Not only does Rebecca find love: almost everybody in the book couples.
Does every person in the world find love? In this book they do.
Still, the structure is surprisingly experimental and satisfying: chapters have titles like “How She Wound Up There–The Inspirational Version” and “How She Wound Up There–The Money Version.” There is a minimalist feeling about the book. A few of the chapters are very short. In “The White Cross Series–The Present,” there are two short paragraphs about her new photographs. In “The White Cross series–Much Later,” a short announcement tells us of the future of the photographs.
And I loved the descriptions of Rebecca’s photography.
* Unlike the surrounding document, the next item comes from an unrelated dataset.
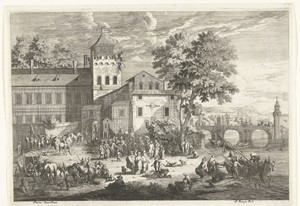 Stadsgezicht met markt voor stadspoort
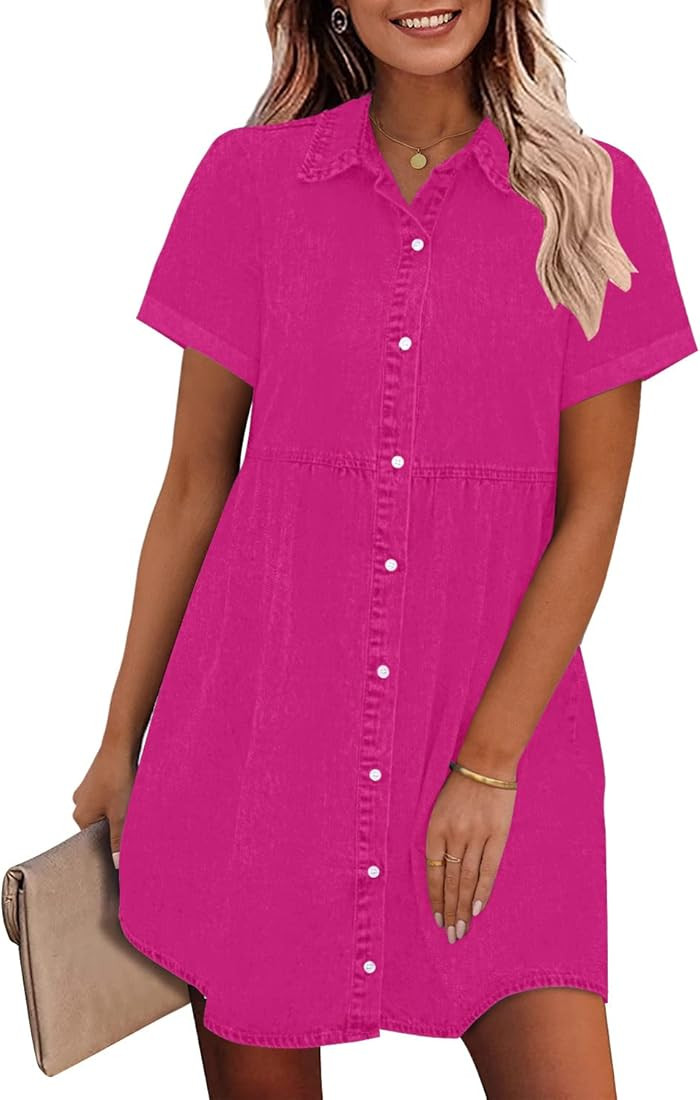 GRAPENT Denim Dress for Women Babydoll Tiered Short Sleeve Button Down Jean Shirt Dresses | Amazon (US)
She went back to the other cross, put down her camera on a flat rock, and circled the area, squinting at the ground. A yearbook often had the owner’s name embossed on the cover in gold leaf, but this one didn’t. The two pieces of the cross were held together with a short nail, and the centering wasn’t exact, so that one side of the crossbar extended farther than the other. The first time she’d just taken the photographs, but now she studied the tableau. It was a bit like one of those roadside shrines that appeared along the roadside when some teenager–it was always a teenager–crashed his car into a tree and died behind the wheel.
But the last third of the book turns saccharine. Why does Quindlen have to get sentimental? What is it about too, too happy endings? Did m-o-n-e-y dictate?
I found much of this delightful, but it could have been a really good book.